### Work instruction
The lines to transcribe begin with the one containing "dress, comic book" and end with the last line below; reproduce them exactly, without the pictures.

### Entries provided
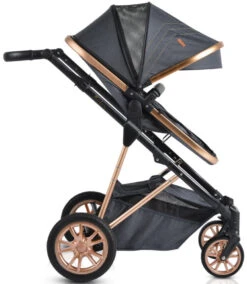 Cangaroo Midas Black 3-in-1 Combi Kinderwagen Incl. Autostoel 23 Cangaroo Midas Black 3-in-1 Combi Kinderwagen Incl. Autostoel -Kinderwagen Winkel cangaroo midas black 3 in 1 combi kinderwagen incl. autostoel 7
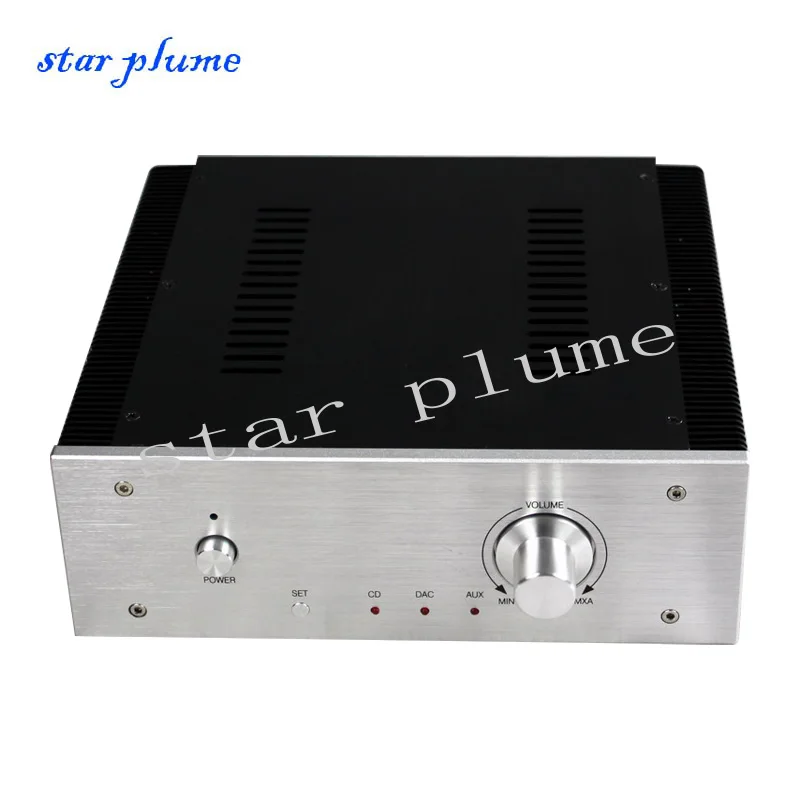 

CJ0014-WA17 All Aluminum Power Amplifier Chassis Class A Preamp / Tube Amplifier Audio Case (260*270*90MM) DIY Case Shell Box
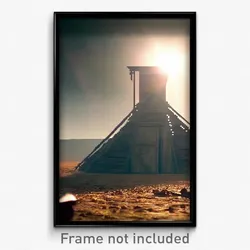 Pixel Art Poster - Dry Ark (8 Bit Psychedelic Trippy Weird Video Game Print)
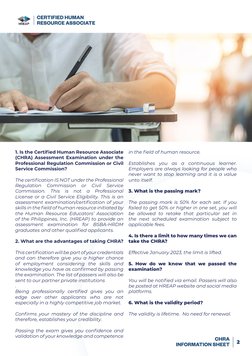CHRA Exam Overview and Requirements | PDF | Human Resource Management ...
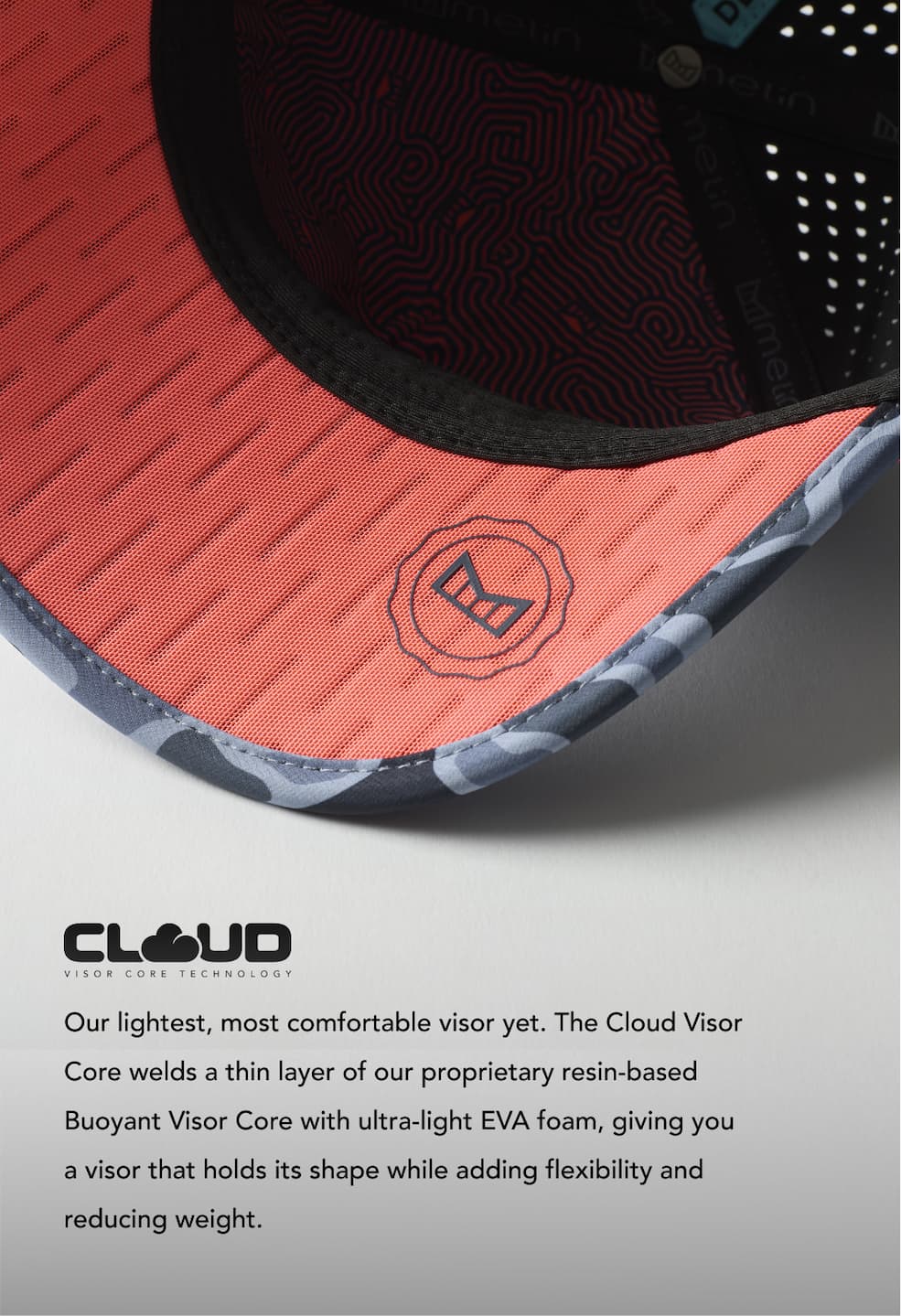 The Streamline Collection Features Our Cloud Visor Core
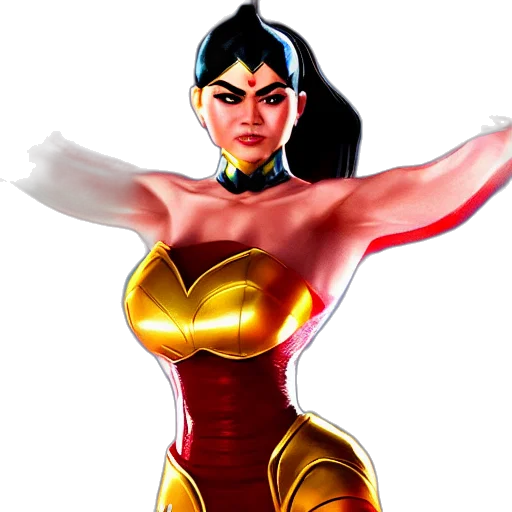 dress, comic book art, concept art, 3d render transparent PNG cut-out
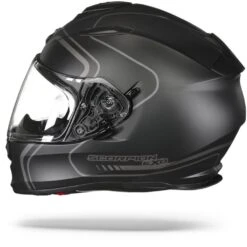 Scorpion EXO-491 West Mat Zwart Zilver Integraalhelm 10 Scorpion EXO-491 West Mat Zwart Zilver Integraalhelm -Rij Veilig Winkel Scorpion exo 491 west matt black silver.11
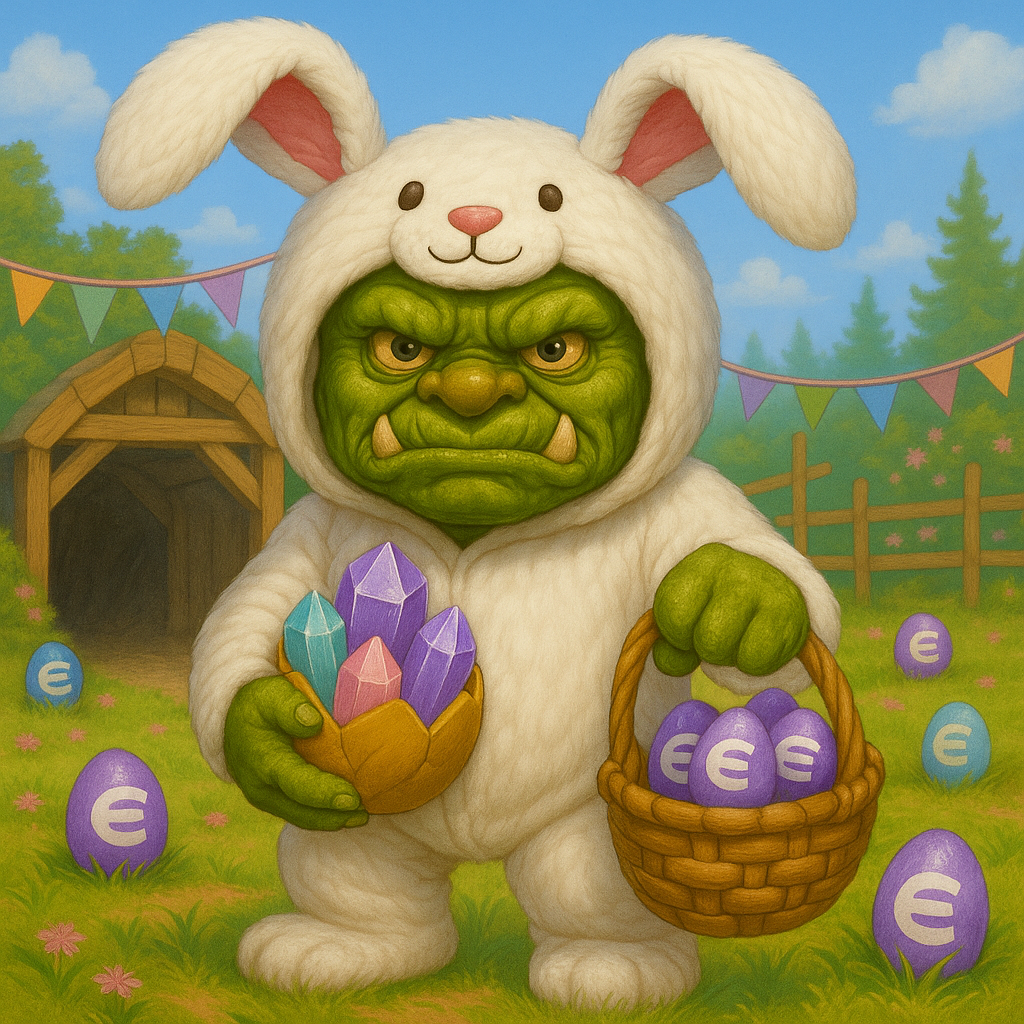 Easter ENJ Excavators seasonal NFT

### Exercise result
 dress, comic book art, concept art, 3d render transparent PNG cut-out
 Scorpion EXO-491 West Mat Zwart Zilver Integraalhelm 10 Scorpion EXO-491 West Mat Zwart Zilver Integraalhelm -Rij Veilig Winkel Scorpion exo 491 west matt black silver.11
 Easter ENJ Excavators seasonal NFT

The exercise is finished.